Prabowo Subianto yang mengklaim bahwa isi pidatonya tersebut adalah hasil prediksi atau kajian dari para ahli luar negeri, belakangan diketahui bahwa dasar pernyataannya adalah sebuah cerita fiksi dari sebuah novel berjudul “Ghost Fleet” yang ditulis oleh Peter Warren Singer dan Auguste Cole. Meski pun hanya sebuah fiksi, latar belakangan kedua penulis yang adalah ahli strategi dari Amerika, menurut Prabowo menjadi sebuah “kode keras” bahwa Indonesia memang akan bubar. Akan tetapi, dalam ciutan di akun Twitter pribadinya @peterwsinger yang menautkan rekannya sesama penulis novel ini @august_cole, keduanya menyatakan bahwa apa yang mereka tulis hanyalah fiksi, bukan prediksi.

Pasca mencuat ke permukaan publik, pernyataan orang nomor 1 di Partai Gerindra ini ramai diperbincangkan dimana-mana. Banyak pihak yang sontak menyayangkan sikap Prabowo yang dianggap pesimistik dan tidak layak untuk dilontarkan dari seorang tokoh negara sepertinya. Prabowo kemudian dianggap tidak pantas menjadi teladan dalam menjaga kedaulatan NKRI. Sebaliknya, menurut politikus Partai Gerindra, Elnino Husein Mohi, yang juga anggota Komisi I DPR RI tersebut, mengklaim bahwa isi pidato Prabowo dimaksudkan sebagai sebuah peringatan bagi bangsa Indonesia sekaligus amunisi bagi rakyat untuk selalu menjaga persatuan dan kesatuan. Secara terpisah, Wakil Ketua Umum Partai Gerindra, Ferry Juliantono menjelaskan berbagai fenomena yang dirasanya mampu menguatkan “prediksi” Prabowo tersebut, antara lain Indonesia yang kini tengah menjadi rebutan negara-negara lain dan sumber dayanya yang juga sedang dikuasai oleh pihak asing.

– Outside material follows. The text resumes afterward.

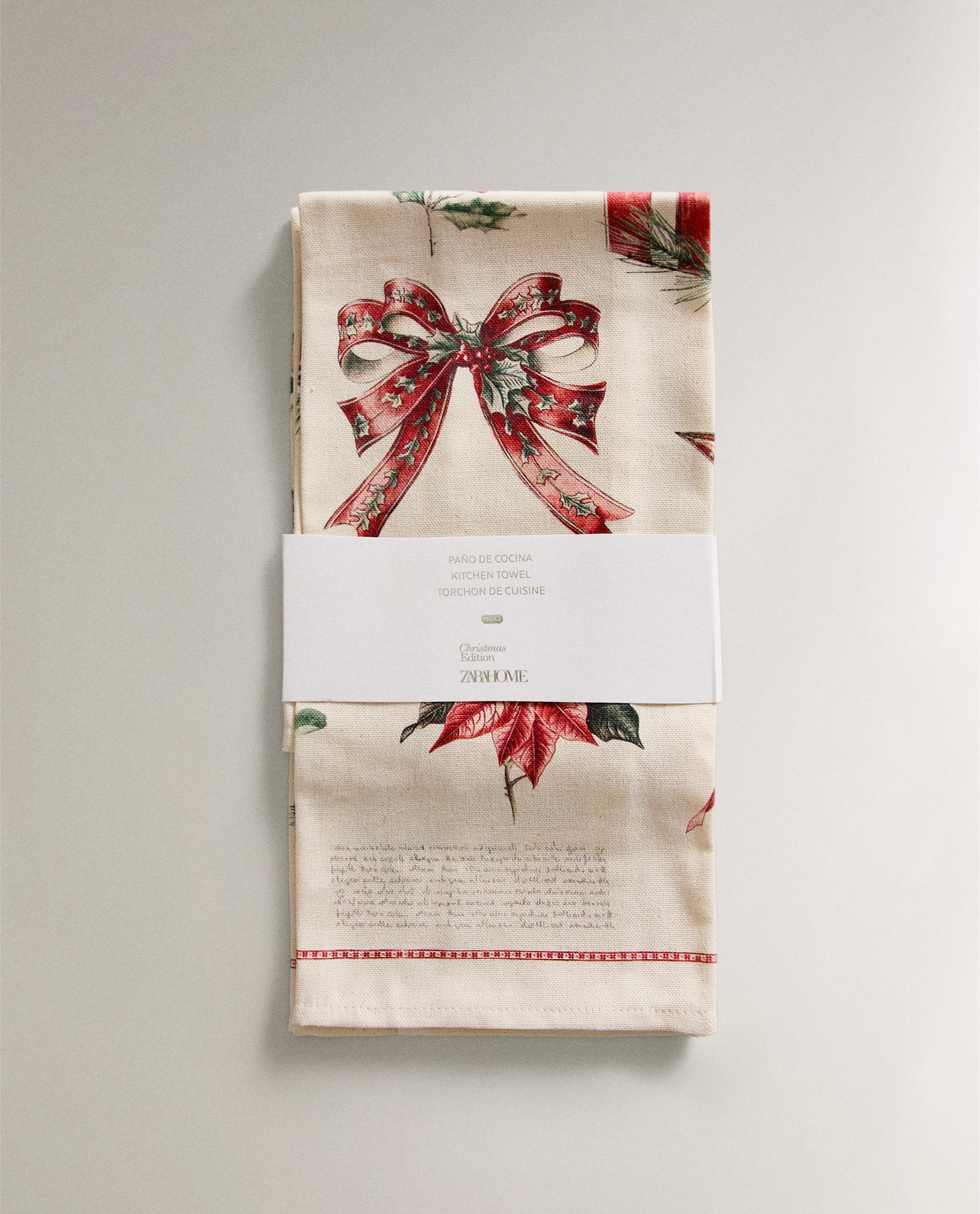 PAÑO COCINA ALGODÓN ESTAMPADO NAVIDAD (PACK DE 2)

Sementara itu, di tengah perkembangan opini publik yang tentu saja akan melahirkan pro dan kontra, optimisme terhadap keberlangsungan sejarah kehidupan dan kedaulatan bangsa dan negara Indonesia terus bergulir. Beberapa tahun terakhir ini, bahkan Indonesia sering menghiasi jajaran negara yang oleh para ahli diprediksi akan menguasai perekonomian dunia. Willem Buiter misalnya, yang bersama-sama dengan tim riset Citigroup seperti yang dirilis oleh liputan6.com pada 13 Juni 2017 yang lalu, memprediksikan bahwa Indonesia akan berada di urutan ke-6 dari 10 negara raksasa perekonomian dunia pada 2050 mendatang. Dalam sebuah laporan yang diterbitkan oleh Bank Standard Chartered di Inggris yang berjudul The Super-cycle Report memperkirakan bahwa Indonesia akan menjadi bintang perekonomian Asia. Dari peringkat ke-28 pada tahun 2000, Indonesia akan menyodok ke peringkat ke-10 pada tahun 2020 dan peringkat ke-5 kekuatan ekonomi dunia pada tahun 2030.

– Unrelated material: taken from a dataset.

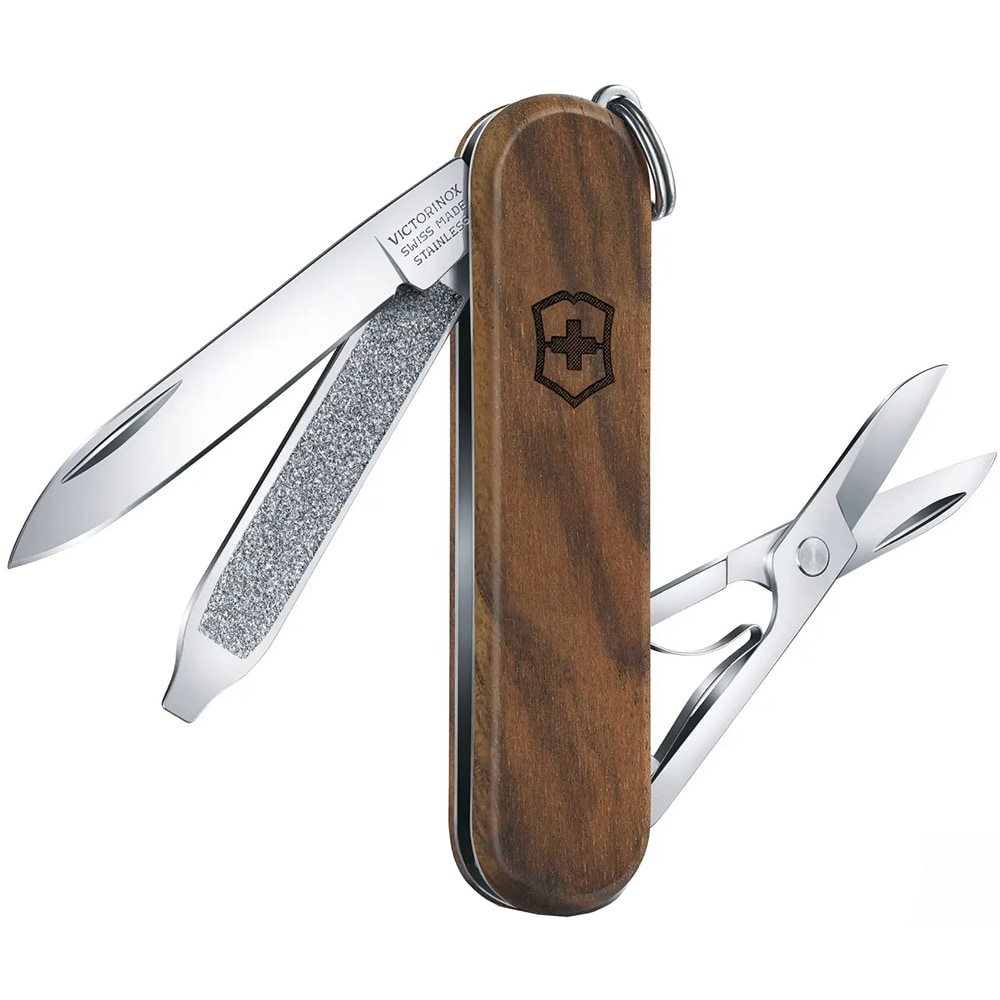 Briceag VICTORINOX Classic SD 0.6221.63, 5 functii, maner lemn, maro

Salah satu faktor lain yang tidak boleh diabaikan dan mesti dioptimalkan dalam membangun Indonesia dan mencegah bubarnya negara yang pada zaman Kerajaan Majapahit telah ditaklukkan di bawah Sumpah Palapa ini, adalah bonus demografi. Bonus Demografi adalah sebuah transisi demografi yang sangat menguntungkan ketika penduduk usia produktif (15-64 tahun) mengalami jumlah yang lebih besar jika dibandingkan dengan proporsi penduduk usia non produktif. Dan Indonesia sendiri diprediksi akan mengalami bonus demografi ini pada tahun 2020-2030 mendatang.

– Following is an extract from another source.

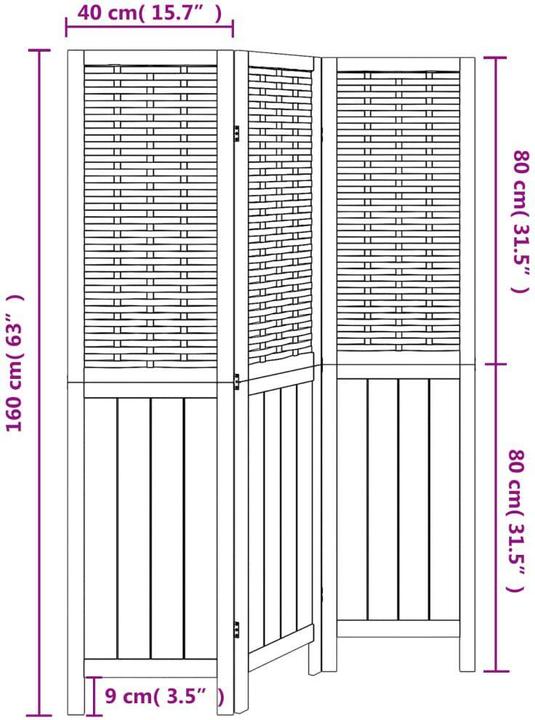 Immagine prodotto vidaXL Paravent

Berdasarkan paparan Surya Chandra, anggota DPR RI Komisi IX, dalam sebuah Seminar masalah kependudukan di Indonesia di Fakultas Kedokteran Universitas Indonesia, seperti yang dilansir Kompasiana.com pada 11 Desember 2017 ini, jumlah usia angkatan kerja pada 2020-2030 yang akan datang mencapai 70 persen, sedangkan 30 persen adalah penduduk dengan usia non produktif (di bawah 15 tahun dan di atas 65 tahun) dan bila dilihat dari jumlahnya, penduduk usia produktif akan mencapai 180 juta, sementara yang non-produktif hanya 60 juta. Nah, bonus demografi inilah yang bisa dimanfaatkan oleh bangsa Indonesia sebagai sebuah peluang, untuk memajukan kesejahteraan bersama, dengan syarat utama apabila masyarakat usia produktif memiliki mutu sumber daya yang dapat menunjang dan memberikan kontribusi terhadap pembangunan negara. Indonesia bisa berkaca pada negara Jepang yang mengalami bonus demografi pada 1950, dan berhasil membuatnya melesat menjadi negara dengan kekuatan ekonomi tertinggi ke-3 di dunia pada dekade 70-an, setelah Amerika Serikat dan Uni Soviet.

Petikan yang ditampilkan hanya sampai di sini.